'''

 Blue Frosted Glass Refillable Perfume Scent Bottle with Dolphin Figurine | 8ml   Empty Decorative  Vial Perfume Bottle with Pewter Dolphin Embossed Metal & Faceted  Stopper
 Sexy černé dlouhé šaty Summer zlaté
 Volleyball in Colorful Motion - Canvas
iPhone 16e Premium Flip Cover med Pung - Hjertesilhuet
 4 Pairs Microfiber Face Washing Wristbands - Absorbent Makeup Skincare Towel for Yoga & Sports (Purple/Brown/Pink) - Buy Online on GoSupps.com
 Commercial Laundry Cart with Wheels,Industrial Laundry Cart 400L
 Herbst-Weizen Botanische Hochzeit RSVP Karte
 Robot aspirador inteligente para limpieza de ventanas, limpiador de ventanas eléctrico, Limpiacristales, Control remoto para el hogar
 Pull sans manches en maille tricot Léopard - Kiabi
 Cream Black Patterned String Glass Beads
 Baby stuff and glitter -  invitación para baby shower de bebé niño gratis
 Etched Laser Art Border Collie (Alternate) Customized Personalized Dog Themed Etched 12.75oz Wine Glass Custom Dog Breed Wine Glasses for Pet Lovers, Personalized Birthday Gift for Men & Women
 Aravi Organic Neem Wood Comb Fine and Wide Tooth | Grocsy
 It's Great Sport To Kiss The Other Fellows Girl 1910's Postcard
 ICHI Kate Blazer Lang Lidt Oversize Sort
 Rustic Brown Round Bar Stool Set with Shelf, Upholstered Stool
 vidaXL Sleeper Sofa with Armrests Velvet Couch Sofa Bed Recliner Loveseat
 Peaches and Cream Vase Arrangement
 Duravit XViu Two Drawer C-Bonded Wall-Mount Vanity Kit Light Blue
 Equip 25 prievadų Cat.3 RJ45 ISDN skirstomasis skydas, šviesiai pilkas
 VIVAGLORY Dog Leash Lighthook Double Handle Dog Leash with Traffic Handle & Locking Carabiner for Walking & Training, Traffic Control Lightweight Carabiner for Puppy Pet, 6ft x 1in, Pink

'''

**TASK PROMPT:** Among the entries, how many lines include the string "para"? Please reply with only the number.

**RESPONSE AREA:** 2